Your answer consists of the lines in the data that contain "Chevrolet". Copy each of them.
**** Data provided
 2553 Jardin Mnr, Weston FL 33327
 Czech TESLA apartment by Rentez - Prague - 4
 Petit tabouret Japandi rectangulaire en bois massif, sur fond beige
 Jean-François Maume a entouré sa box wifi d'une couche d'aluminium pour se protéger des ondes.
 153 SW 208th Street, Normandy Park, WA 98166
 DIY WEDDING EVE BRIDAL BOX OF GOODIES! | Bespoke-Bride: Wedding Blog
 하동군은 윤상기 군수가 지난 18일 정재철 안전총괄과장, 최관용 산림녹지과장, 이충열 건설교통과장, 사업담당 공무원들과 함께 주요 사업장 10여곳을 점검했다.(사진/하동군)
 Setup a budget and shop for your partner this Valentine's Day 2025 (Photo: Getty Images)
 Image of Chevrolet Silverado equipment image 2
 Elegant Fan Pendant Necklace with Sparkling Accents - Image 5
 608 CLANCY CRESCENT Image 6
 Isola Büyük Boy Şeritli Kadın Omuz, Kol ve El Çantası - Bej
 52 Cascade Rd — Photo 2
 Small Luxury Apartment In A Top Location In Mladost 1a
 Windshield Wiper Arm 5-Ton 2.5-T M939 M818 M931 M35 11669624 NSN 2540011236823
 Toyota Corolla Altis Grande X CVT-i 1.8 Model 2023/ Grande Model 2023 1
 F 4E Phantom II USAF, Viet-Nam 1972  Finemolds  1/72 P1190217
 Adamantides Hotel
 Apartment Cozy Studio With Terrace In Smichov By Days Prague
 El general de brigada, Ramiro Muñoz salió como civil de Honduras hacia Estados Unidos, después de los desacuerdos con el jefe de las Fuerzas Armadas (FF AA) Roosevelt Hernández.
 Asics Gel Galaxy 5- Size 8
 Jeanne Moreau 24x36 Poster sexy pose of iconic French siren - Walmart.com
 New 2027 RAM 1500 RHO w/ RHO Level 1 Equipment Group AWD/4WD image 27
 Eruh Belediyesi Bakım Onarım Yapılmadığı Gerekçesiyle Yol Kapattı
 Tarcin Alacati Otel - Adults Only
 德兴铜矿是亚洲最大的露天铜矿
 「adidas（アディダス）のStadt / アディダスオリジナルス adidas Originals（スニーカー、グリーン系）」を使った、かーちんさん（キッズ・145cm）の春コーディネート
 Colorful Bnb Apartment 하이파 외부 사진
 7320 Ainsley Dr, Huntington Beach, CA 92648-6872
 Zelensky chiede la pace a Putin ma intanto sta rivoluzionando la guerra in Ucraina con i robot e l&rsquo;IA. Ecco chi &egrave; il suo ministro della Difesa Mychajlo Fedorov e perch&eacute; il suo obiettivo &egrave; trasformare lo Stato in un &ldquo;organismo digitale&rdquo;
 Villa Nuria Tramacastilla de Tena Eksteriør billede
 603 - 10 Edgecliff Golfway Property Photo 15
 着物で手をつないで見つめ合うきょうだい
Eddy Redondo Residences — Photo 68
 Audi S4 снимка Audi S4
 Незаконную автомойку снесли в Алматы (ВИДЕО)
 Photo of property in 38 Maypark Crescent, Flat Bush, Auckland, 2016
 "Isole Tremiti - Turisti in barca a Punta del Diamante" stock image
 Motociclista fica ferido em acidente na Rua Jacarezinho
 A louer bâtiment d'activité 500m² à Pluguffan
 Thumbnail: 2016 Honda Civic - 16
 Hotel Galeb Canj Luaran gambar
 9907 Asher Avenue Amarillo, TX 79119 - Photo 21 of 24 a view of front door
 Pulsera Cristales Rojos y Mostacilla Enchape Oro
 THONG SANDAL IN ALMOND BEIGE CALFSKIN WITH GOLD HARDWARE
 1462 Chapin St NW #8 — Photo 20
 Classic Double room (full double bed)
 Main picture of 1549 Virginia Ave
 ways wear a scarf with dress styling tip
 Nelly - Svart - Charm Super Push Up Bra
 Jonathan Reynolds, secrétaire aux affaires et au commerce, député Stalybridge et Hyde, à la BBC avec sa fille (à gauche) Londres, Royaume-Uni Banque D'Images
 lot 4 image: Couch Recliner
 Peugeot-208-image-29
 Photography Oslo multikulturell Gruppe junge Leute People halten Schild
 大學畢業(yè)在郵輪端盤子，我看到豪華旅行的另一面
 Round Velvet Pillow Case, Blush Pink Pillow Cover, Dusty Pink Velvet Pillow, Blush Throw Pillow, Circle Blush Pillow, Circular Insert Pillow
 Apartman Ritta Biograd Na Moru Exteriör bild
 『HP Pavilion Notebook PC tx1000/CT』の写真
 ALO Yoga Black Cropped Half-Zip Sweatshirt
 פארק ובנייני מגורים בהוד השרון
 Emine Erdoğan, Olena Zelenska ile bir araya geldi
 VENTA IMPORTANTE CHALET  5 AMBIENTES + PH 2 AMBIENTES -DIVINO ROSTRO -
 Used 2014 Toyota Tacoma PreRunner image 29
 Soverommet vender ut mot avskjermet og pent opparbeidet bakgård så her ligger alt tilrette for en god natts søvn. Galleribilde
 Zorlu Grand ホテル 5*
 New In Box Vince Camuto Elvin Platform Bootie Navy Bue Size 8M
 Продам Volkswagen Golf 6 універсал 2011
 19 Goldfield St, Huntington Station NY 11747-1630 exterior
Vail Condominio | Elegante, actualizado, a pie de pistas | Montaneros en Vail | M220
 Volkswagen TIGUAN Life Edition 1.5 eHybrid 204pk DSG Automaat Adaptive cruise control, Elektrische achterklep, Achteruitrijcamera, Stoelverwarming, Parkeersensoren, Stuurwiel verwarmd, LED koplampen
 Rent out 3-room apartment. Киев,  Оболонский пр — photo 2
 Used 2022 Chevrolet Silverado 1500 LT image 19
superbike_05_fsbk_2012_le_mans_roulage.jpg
********
== Task output ==
 Image of Chevrolet Silverado equipment image 2
 Used 2022 Chevrolet Silverado 1500 LT image 19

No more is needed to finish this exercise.